An unexpected layoff is not far removed from the death of a colleague, a friend, or a loved one, depending on how emotionally attached you are to the job. One minute you have a lot of responsibility, a place to go in the morning, and people to hang out with. The next minute, you don’t, and there’s a hole in your life.
Friends and relatives with kind intentions don’t know what to say, but they feel they must say something to support you. They fall back on cliches, such as, “Whenever a door closes, another opens” or “It’s a chance to start something new.” Who can blame them? The only way people cope with endings is to imagine a post-ending, like an afterlife.

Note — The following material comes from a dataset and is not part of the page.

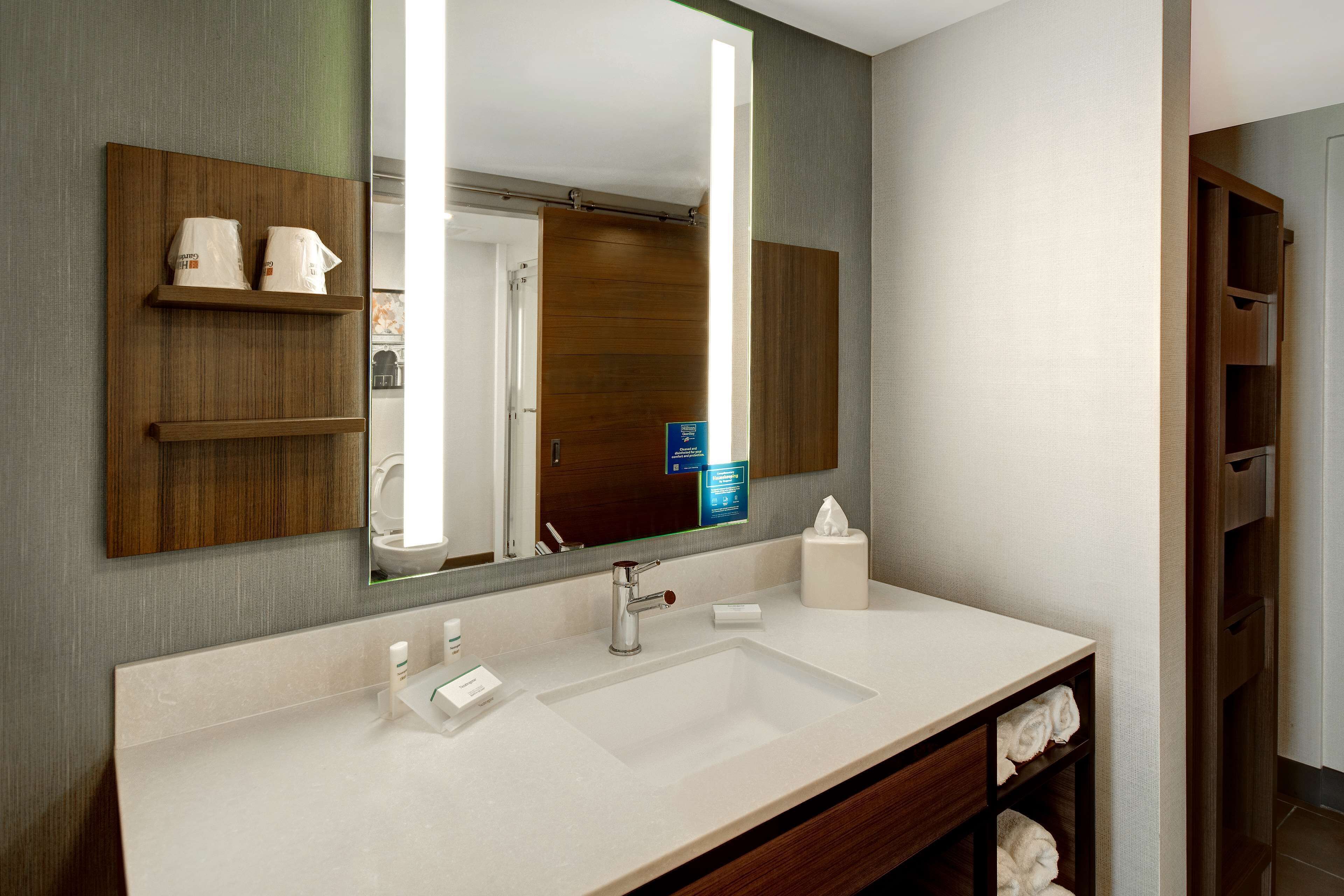Un baño moderno con un espejo grande, un lavabo blanco y estantes de madera.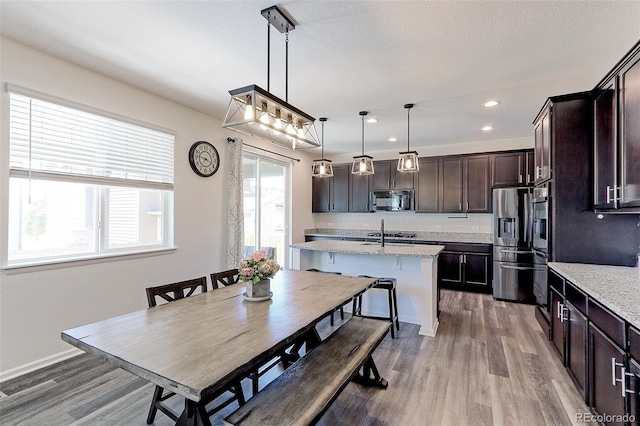 9835 Uravan St, Commerce City, CO 80022 - dining room featuring light wood finished floors, recessed lighting, and baseboards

After the shock comes the hurt, then the anger
I had a good run at Grays Harbor Historical Seaport. I was sacked on October 20, only days after my ninth anniversary with the company. Funding issues, the boss said, though we both know that a layoff is like a complex piece of music. It has overtones and undertones as well as a melody. It’s a tactic within a strategy.
After the shock comes the hurt, then the anger, then the suppression of anger as you pack up and leave. The storm had been building for months, but when I got the news, it broke over me like an abrupt squall. I thought I’d have time to find shelter. My boss wrote me a nice recommendation letter to cushion the impact.
I was prepared in part. Responding to hints that things weren’t going my way, I had applied to other companies for months in hopes of avoiding the ax. The strategy failed, but I can adapt to the new circumstances.
I wrote to my contacts and posted on social media my goal to find a position with these kinds of titles: Communications Specialist, Communications Manager, Communications Associate, Social Media Manager, Content Producer, Content Editor, Media Relations Manager, and similar. If you have any contacts, ideas, or know of open positions, email me. You can also see my background in details at LinkedIn.
You’ve probably noticed the tone of this post. It isn’t all bubbly and upbeat, as if it were a news release written by a publicist. To be sure, I’m optimistic. I’ll find something. I would fail as a writer, however, if I weren’t honest and authentic. Getting laid off sucks, and I’m not going to pretend that everything will be A-OK in two shakes of a lamb’s tail. One burden is lifted, and another replaces it.
Sometimes a door closes, and that’s it, at least in the short term. At this point, I’m knocking on a dozen doors, hoping and praying that one will not only open, but that I’ll be invited in.